Она подобрела, повеселела.
— Вечером для вас я соберу товарищеский суд и домком. Вы убедитесь… мы — общественный орган…
— Тихо! — наступал на меня Павлюченков вечером, когда мы собрались в кабинете Дубровиной. — Вы видели решение об отмене нашего решения, а? Видели?
Дело в том, что я начал нашу беседу с вопроса: почему все государственные учреждения, начиная с суда и кончая санэпидстанцией, защищали Шеляткина, а домком и товарищеский суд неусыпно обвиняли? Павлюченков и стал весьма несвязно и темпераментно доказывать мне, что расхождения между ними и государственными органами нет, а когда это не удалось, потому что все документы я не только читал, но и держал в копиях у себя в портфеле, он неожиданно заметил:
— Ну и что? Мы выше.
— Выше чего? — не понял я.
— Ну, — уточнил он неохотно, — райсовета. Мы — общественность…
Если существует потусторонняя жизнь, то известный король Людовик XIV, надо полагать, испытал в эту минуту зависть к Павлюченкову, — даже он, абсолютный монарх, осмелился лишь заявить: «Государство — это я», что было расценено последующими историками как величайшее нахальство. Но не додумался до формулы: я выше государства.
— А что? — горячил себя Павлюченков. — Надо по душе, по-человечески, по совести. Мы — люди. Я — человек, ты — человек…
— В общем, — мягко, как расшалившегося ученика, остановила его Дубровина, — Трофим Петрович имеет в виду, что нам виднее. Там, — она подняла руки вверх, повторяя общеизвестный жест христианских великомучеников, — решают иногда чересчур абстрактно, а мы рядом с людьми.
— Надо по-человечески, — не унимался Павлюченков. — Тихо!
Самое страшное было в нем то, что был он абсолютно трезв. Я подумал, что этот наивный, непосредственный, вымотанный нервной работой в райпотребсоюзе человек понимает совесть совсем как Дубровина. Они относятся к совести, как рантье относится к основному капиталу. Он куда-то более или менее надежно помещен, и можно, не думая о нем, тихо, безбедно жить… В сущности, это для них, хоть и ненавидят они все «абстрактное», нет ничего абстрактнее совести. Она обезличена, обездушена, как капитал, который к тому же нажит не ими (рантье редко наживают капитал, чаще наследуют), без нее нельзя, но и с ней — разве вынесешь подобную ношу?! — тоже нельзя.
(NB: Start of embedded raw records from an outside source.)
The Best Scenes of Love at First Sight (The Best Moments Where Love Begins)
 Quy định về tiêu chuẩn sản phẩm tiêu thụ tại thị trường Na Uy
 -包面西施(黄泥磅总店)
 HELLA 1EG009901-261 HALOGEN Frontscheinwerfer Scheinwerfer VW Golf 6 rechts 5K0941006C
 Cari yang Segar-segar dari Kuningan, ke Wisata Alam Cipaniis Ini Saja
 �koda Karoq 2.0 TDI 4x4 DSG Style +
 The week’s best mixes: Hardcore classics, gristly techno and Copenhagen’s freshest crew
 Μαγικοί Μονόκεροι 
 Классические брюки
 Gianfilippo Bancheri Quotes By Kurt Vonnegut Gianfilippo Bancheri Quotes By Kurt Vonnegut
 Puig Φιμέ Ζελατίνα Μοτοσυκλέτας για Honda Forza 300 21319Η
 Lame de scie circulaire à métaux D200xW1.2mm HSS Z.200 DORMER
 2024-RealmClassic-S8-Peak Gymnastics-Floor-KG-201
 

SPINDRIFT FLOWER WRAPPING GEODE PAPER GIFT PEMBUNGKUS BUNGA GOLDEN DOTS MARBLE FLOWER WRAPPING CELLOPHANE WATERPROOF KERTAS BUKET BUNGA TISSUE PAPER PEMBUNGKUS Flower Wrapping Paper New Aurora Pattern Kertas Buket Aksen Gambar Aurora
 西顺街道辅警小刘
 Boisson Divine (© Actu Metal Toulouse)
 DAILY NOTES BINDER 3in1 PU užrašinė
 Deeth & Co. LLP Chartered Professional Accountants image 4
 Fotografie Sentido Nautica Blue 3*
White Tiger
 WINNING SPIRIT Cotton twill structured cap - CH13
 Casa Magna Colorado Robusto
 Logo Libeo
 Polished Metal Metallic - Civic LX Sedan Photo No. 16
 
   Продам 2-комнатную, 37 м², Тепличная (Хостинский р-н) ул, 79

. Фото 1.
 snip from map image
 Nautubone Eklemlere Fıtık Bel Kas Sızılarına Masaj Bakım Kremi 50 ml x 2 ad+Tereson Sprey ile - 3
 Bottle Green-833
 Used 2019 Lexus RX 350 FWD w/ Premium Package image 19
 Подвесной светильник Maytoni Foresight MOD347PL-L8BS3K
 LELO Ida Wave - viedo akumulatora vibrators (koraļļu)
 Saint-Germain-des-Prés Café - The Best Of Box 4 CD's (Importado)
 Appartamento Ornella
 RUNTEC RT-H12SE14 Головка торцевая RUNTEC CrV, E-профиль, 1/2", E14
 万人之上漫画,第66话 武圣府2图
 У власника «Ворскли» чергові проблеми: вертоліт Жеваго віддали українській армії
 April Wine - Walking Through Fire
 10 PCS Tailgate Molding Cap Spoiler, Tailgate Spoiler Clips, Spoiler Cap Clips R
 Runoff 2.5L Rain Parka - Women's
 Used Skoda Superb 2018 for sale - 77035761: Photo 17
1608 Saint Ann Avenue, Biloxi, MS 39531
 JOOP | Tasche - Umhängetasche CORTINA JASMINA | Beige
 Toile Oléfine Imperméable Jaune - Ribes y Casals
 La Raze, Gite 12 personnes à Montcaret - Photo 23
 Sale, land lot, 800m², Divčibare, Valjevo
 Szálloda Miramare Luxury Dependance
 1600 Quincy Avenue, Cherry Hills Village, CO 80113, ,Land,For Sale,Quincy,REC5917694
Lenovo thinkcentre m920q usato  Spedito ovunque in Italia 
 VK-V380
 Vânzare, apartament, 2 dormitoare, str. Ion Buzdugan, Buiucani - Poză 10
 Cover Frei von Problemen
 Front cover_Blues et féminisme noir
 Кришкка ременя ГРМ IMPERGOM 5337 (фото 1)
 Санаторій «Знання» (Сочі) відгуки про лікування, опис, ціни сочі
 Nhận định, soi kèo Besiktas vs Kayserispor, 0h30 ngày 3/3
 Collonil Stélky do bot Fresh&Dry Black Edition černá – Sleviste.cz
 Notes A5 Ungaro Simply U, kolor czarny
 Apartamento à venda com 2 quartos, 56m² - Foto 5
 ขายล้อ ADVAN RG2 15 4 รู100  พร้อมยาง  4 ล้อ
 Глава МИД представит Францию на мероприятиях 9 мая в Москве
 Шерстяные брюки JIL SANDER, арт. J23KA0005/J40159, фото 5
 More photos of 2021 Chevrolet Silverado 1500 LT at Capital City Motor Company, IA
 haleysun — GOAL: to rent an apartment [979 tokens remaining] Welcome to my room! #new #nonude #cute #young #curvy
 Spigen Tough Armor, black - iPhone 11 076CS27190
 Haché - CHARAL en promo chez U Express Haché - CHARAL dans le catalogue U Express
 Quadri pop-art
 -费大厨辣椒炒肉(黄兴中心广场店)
А когда она в банке, то есть в общественном органе, то хорошо. Я увидел в Дубровиной нравственного рантье, а в Павлюченкове — карикатурное повторение этого социального типа. Но если основной капитал дает обычно реальный рост, то отчужденная совесть — лишь иллюзию роста. Заглянешь однажды в банк, а там — пусто…
Мы беседовали потом долго, в общем мирно, и меня все время интриговала одна подробность: на столе перед Дубровиной лежал — я его заметил в самом начале — большой букет чайных и алых роз. Зачем? Для кого?
Мне надо было уходить к вечернему поезду, я поднялся, поблагодарил за подробные объяснения.
— Останьтесь на минуту, — ласково попросила Дубровина. — Я хочу, чтобы вы участвовали в нашем небольшом торжестве. Сегодня день рождения Раисы Яковлевны Пассек. Дорогая Раиса Яковлевна…
Она с букетом пошла к ней, они обнялись нежно.
Я посмотрел вокруг… Все члены товарищеского суда и домкома улыбались, растроганные, радостные. Хорошие улыбки, искренние, открытые. Хорошие лица. Умудренные жизнью. Не наваждение ли, не дурной ли сон то, что было с Шеляткиным?!